Sugar producers are bemoaning cheaper smuggled sugar imports from Cambodia for the sector’s massive stockpiles

According to Vietnam Sugar and Sugarcane Association (VSSA), Vietnam produced an estimated 300,000 tonnes of sugar in March, while Vietnam’s sugar inventory is likely to hit 500,000 tonnes by the end of the month.

The association’s general secretary Nguyen Hai said the sugar inventory in the first months of this year had already topped last year’s 300,000 tonnes. Hai told VIR that local sugar firms were struggling and Long My Phat and the Hau Giang Sugar Company had already shut two plants.

“Other plants in Ben Tre, Tra Vinh, Soc Trang and Hiep Hoa have been operating at only moderate levels,” he added.

He said high inventories were the by-product of slow demand and illegally imported sugar from Thailand via Cambodia, which currently accounts for 70-80 per cent market share in the Mekong Delta. He also worried that high inventories would force sugarcane prices down, leaving farmers to suffer.

According to domestic sugar firms, they now suffer losses of over VND1,000 for every kilo they sell. Despite incurring losses, firms cannot lower the price of the sugarcane they buy from local farmers.

The black market in sugar had also damaged tax coffers and unfairly penalised Vietnamese sugar firms, said Nguyen Ba Chu, general director of Bourbon Tay Ninh Corporation, Vietnam’s biggest listed sugar company. 

“While smuggled sugar has no tax, sugar producers in Vietnam have to pay 15 per cent tax including 5 per cent value added tax and 10 per cent corporate income tax.
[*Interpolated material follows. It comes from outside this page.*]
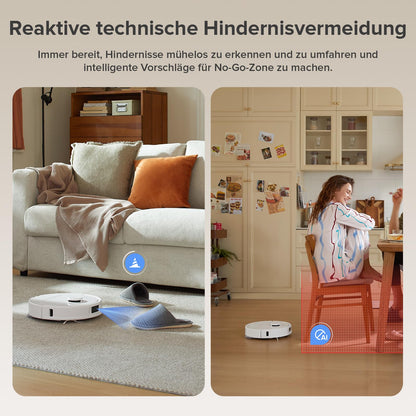 Roborock QV 35A Weiß Saugroboter mit Wischfunktion, 8.000 Pa, Hebarer Mopp, Anti-Verfilzung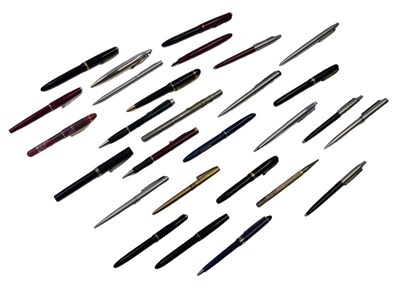 Lot 403 - A group of fountain and ballpoint pens, to...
Vietnamese sugarcane costs from $45-$50 per tonne, while in Thailand, India and Cambodia it is only $35-$38 per tonne,” Chu explained

The price of sugar has continuously dropped, sinking to around VND13,000 per kilo wholesale and VND 18,000-VND21,000 a kilo retail while illegally imported sugar costs just VND11,000-VND12,000.

 “Vietnam’s sugar prices are the highest in the world,” Chu said. “However, it is hard to cut as the price is directly related to the life of the sugarcane growers.”

However, general director of Khanh Hoa Sugar Joint Stock Company Do Thanh Liem, who declined to release its inventory, said that in fact the domestic sugar price was out of step with the rest of the region and smuggled imports were hurting the domestic industry.

Last year the Hanoi Stock Exchange-listed Khanh Hoa Sugar Joint Stock Company’s after-tax profits plummeted 67 per cent to VND 39 billion ($1.85 million).

Other listed sugar firms that shared a gloomy year on the markets included Kon Tum Sugar Joint Stock Company and Gia Lai Sugar-Thermal Power Company.

VSAA also estimated that every year, Vietnam was missing out on VND500 billion ($23.8 million) in tax from smuggled sugar.

The Ministry of Industry and Trade earlier this year set a 77,200  tonne annual limit on imported sugar.